Positive signs for panda after intestines op

Updated 2016-12-26 09:31:08 China Daily
Nan Nan, a female giant panda, undergoes surgery on Dec 3 for an intestinal blockage at the Chengdu Research Base of Giant Panda Breeding, Sichuan province.(Zhang Zhihe for China Daily)

Nan Nan, a female giant panda, undergoes surgery on Dec 3 for an intestinal blockage at the Chengdu Research Base of Giant Panda Breeding, Sichuan province.(Zhang Zhihe for China Daily)

A giant panda that underwent surgery this month to remove an intestinal blockage is recovering well, according to experts at the Chengdu Research Base of Giant Panda Breeding.

Despite the rain, Nan Nan, a 3-year-old female, was seen on Sunday morning leisurely eating a breakfast of bamboo leaves on a hillside in Sichuan province.

"She is recovering from her operation to remove an obstruction in her intestines," a condition that can prove fatal for pandas, said Lan Jingchao, head of the base's animal hospital.

In fact, Nan Nan could be the first to survive the surgery, according to Zhang Zhihe, director of the research base. He said that in the 1990s a panda with the same symptoms died after a similar operation.

On the morning of Dec 1, keepers noticed that Nan Nan was restless and was having trouble defecating. Veterinarians went on to remove about 2 kilograms of droppings from her transverse colon, descending colon and recta.

"We thought she was OK, but the symptoms returned in the evening," said Yang Zhi, who is in charge of disease prevention and control at the base.

An ultrasound examination showed a large blockage affecting Nan Nan's colon, descending colon and sigmoid flexure.

Again, nearly 2 kg of droppings were removed, but the vets could not access the upper part of her colon.

"We had to ask experts from the Nuclear Industry 416 Hospital in Chengdu for help," Lan said.

He said that on the morning of Dec 3, a team of 11 surgeons, anesthetists and nurses from the hospital performed surgery on the panda at the base.

In an operation that lasted two hours, doctors cut open Nan Nan's intestinal wall and extracted about 2.8 kg of droppings.

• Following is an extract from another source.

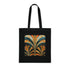 Geometric black cotton tote bag with abstract art deco pattern.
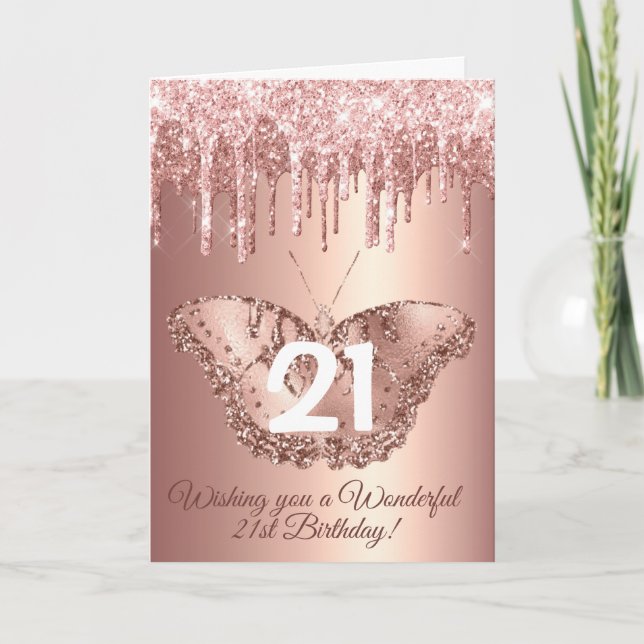 Carte Chic Rose Gold Pailletés Anniversaire (Devant)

Yet the work was only half done. Pandas have sharp claws, and when Nan Nan feels itchy, she will scratch, which could reopen the wound and cause an infection, according to Yang Kuixing in the base's animal management office.

Two workers have been taking turns to stay in her den around the clock. Whenever she tries to touch, bite or lick her wound, panda keeper Dai Sha said they shout "Nan Nan, stop!"

She added, "Although she can't understand what we say, it diverts her attention."

Before the operation, Nan Nan would usually eat more than 10 kg of food a day. Over the past two weeks, her appetite has gradually started to recover and she is now eating 2 to 3 kg of bamboo leaves and bread a day.

"We fear too much food could be detrimental to her recovery, but she is getting enough nutrients, as she gets a liquid made of trace elements, protein and amino acid," Lan said.

Doctors have said it will take Nan Nan at least six months to make a full recovery, he added.